Understanding the association of cell-surface proteins (ACE2 and GRP78) facilitating pathogen recognition: a computational approach.

Angiotensin-converting enzyme 2 (ACE2) has been reported to be the primary host cell receptor for recognizing SARS-CoV and SARS-CoV-2 spike proteins. This host-cell element, despite having a crucial role in normal cells, may be hijacked by viruses to invade human cells. It has been reported that ACE2 trafficking to the cell membrane is mediated by other cellular factors, such as the endoplasmic reticulum resident chaperone, named glucose-regulated protein 78 (GRP78).
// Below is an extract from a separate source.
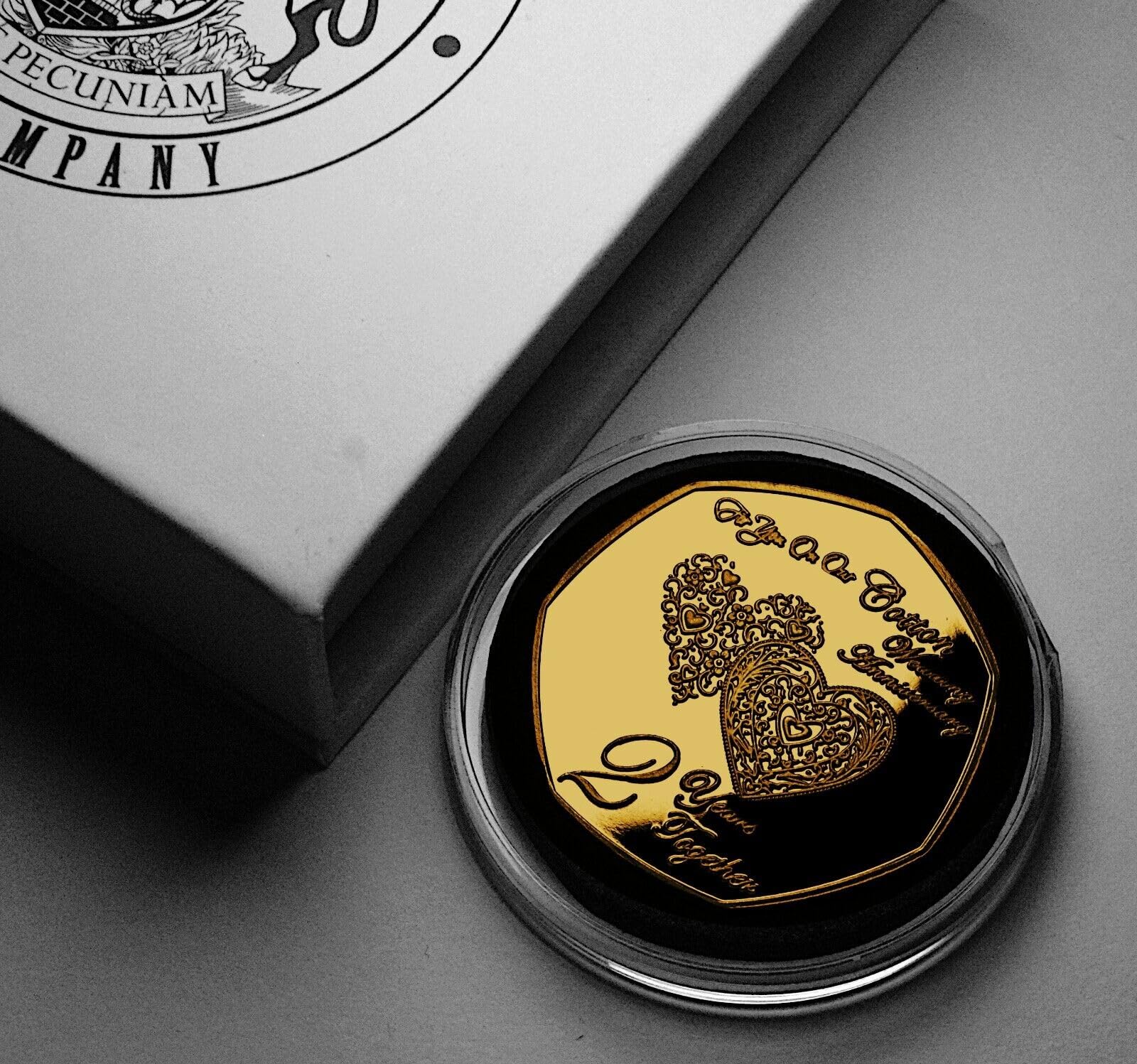 The Commemorative Coin Company ON OUR SECOND 'COTTON' WEDDING ANNIVERSARY 24ct Gold Commemorative in Gift Box. Gift/Present 2 Years Gift For Partner Husband/Wife 2nd Anniversary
GRP78 is the master of the unfolded protein response during cellular stress. This study uses sequence alignment, protein-protein docking, and molecular dynamics simulation (MDS) to predict the potential binding sites between the two proteins for the first time aiming to understand its role in viral recognition and infection. Results revealed three critical regions in ACE2 (C133-C141, C344-C361, and C530-C542), that could be the recognition site for GRP78 from which, the second region (C344-C361) is the suggested best region based on protein-protein docking, MDS, and MM-GBSA calculations. These cyclic regions show similarity (<38% identity) with the cyclic peptide Pep42, which is previously reported to target GRP78 over cancer cells. This approach paves the way toward suggesting potential inhibitors based on the prevention of the association between ACE2 and GRP78.